> _GOAL OF THE EXERCISE_:
Repeat the data in full. Drop every picture.

%%

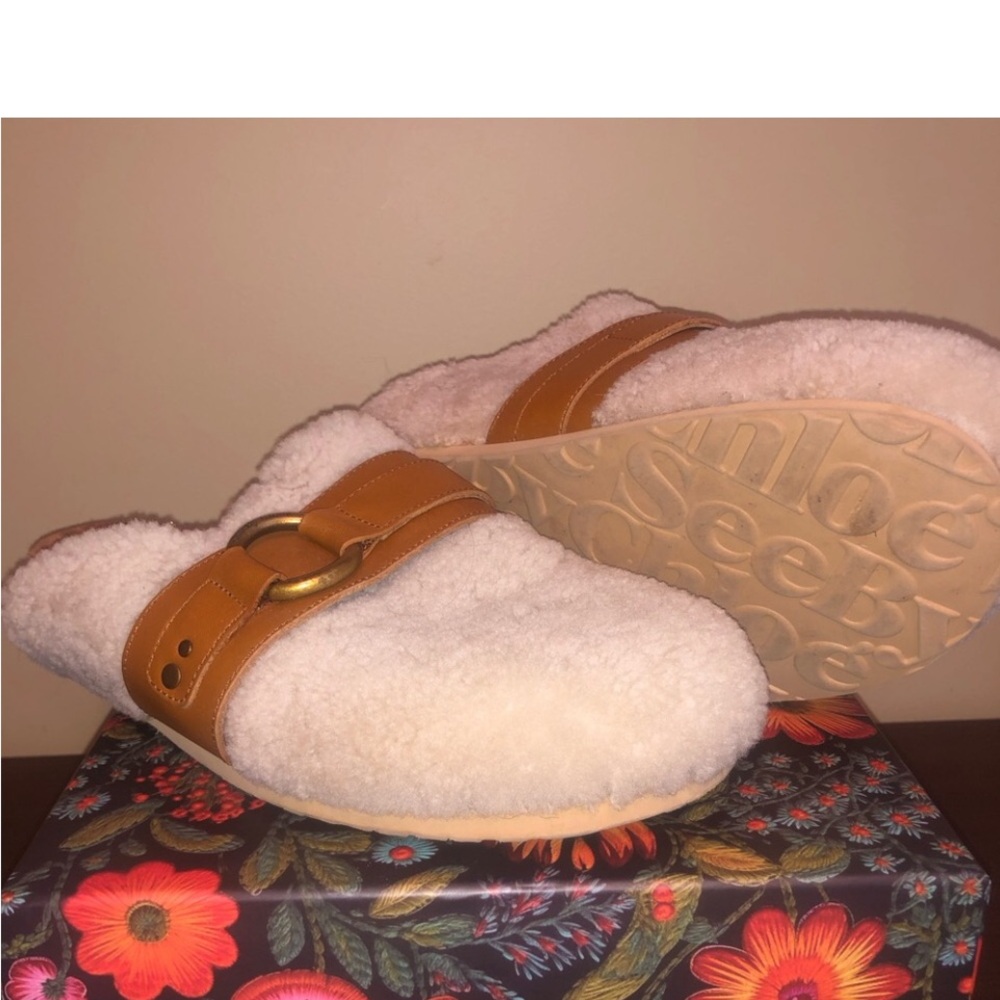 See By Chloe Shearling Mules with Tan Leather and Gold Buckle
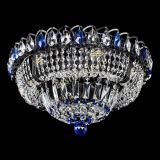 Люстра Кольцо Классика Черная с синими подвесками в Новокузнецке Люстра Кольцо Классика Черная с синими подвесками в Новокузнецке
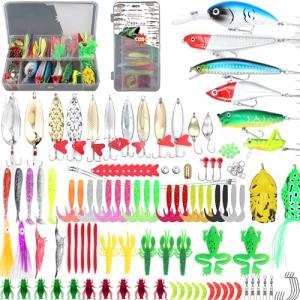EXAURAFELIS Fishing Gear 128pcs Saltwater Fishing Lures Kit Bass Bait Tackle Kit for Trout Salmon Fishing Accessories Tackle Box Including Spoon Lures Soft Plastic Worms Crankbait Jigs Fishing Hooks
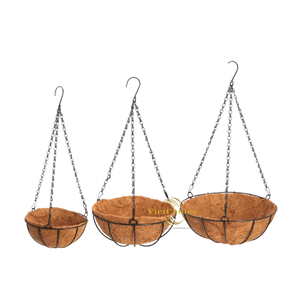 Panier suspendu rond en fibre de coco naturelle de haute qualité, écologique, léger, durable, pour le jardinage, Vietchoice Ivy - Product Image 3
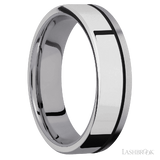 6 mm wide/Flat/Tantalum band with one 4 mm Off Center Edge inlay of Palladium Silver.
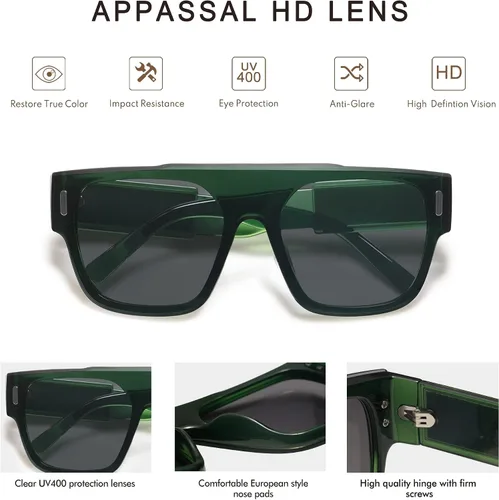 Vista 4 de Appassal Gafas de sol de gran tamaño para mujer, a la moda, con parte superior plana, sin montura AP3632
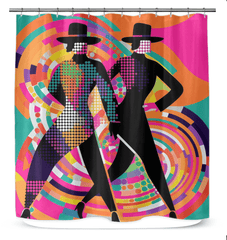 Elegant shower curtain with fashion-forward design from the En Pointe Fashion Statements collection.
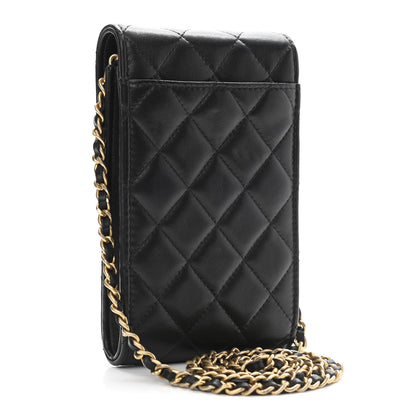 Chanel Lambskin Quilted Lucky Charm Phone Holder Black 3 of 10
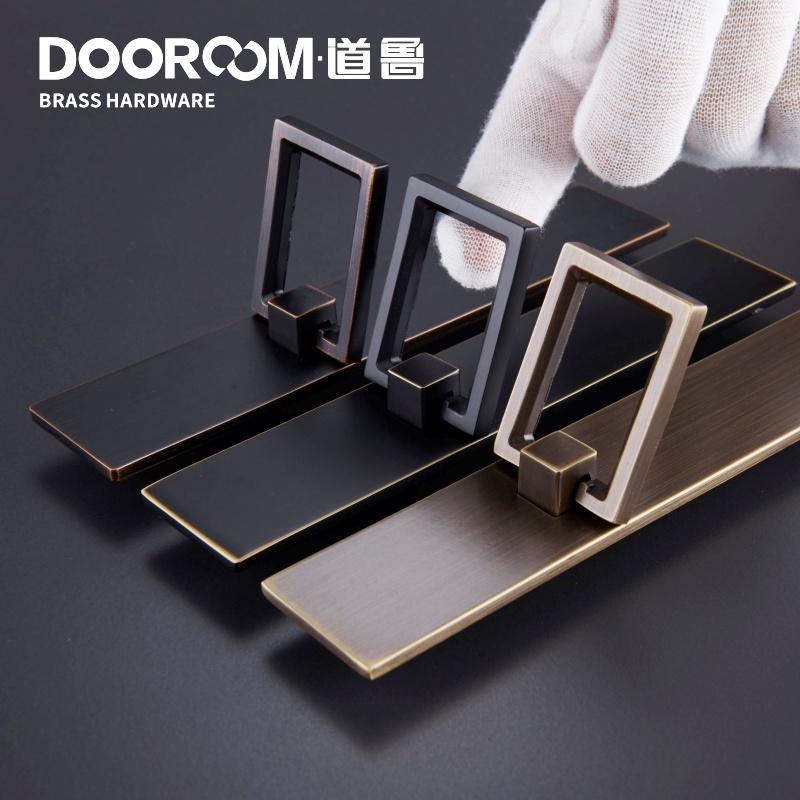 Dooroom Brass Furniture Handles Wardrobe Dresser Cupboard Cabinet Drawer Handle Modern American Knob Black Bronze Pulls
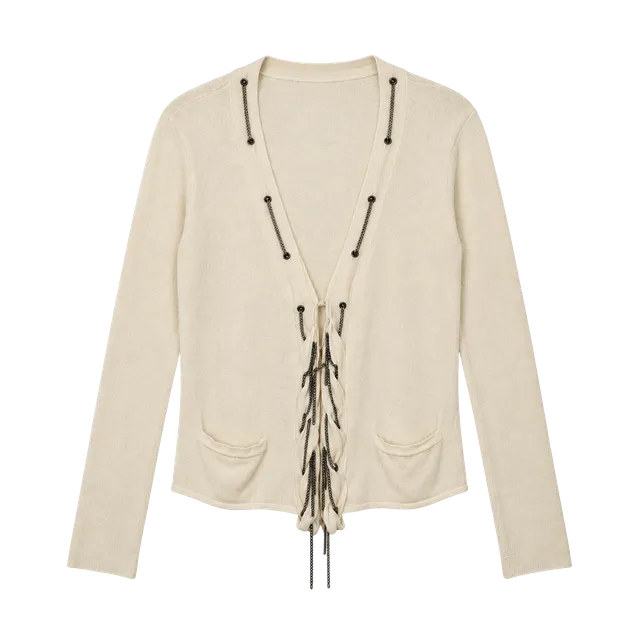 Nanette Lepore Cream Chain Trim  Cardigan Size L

%%

> _ANSWER BELOW_:
 See By Chloe Shearling Mules with Tan Leather and Gold Buckle
 Люстра Кольцо Классика Черная с синими подвесками в Новокузнецке Люстра Кольцо Классика Черная с синими подвесками в Новокузнецке
EXAURAFELIS Fishing Gear 128pcs Saltwater Fishing Lures Kit Bass Bait Tackle Kit for Trout Salmon Fishing Accessories Tackle Box Including Spoon Lures Soft Plastic Worms Crankbait Jigs Fishing Hooks
 Panier suspendu rond en fibre de coco naturelle de haute qualité, écologique, léger, durable, pour le jardinage, Vietchoice Ivy - Product Image 3
 6 mm wide/Flat/Tantalum band with one 4 mm Off Center Edge inlay of Palladium Silver.
 Vista 4 de Appassal Gafas de sol de gran tamaño para mujer, a la moda, con parte superior plana, sin montura AP3632
 Elegant shower curtain with fashion-forward design from the En Pointe Fashion Statements collection.
 Chanel Lambskin Quilted Lucky Charm Phone Holder Black 3 of 10
 Dooroom Brass Furniture Handles Wardrobe Dresser Cupboard Cabinet Drawer Handle Modern American Knob Black Bronze Pulls
 Nanette Lepore Cream Chain Trim  Cardigan Size L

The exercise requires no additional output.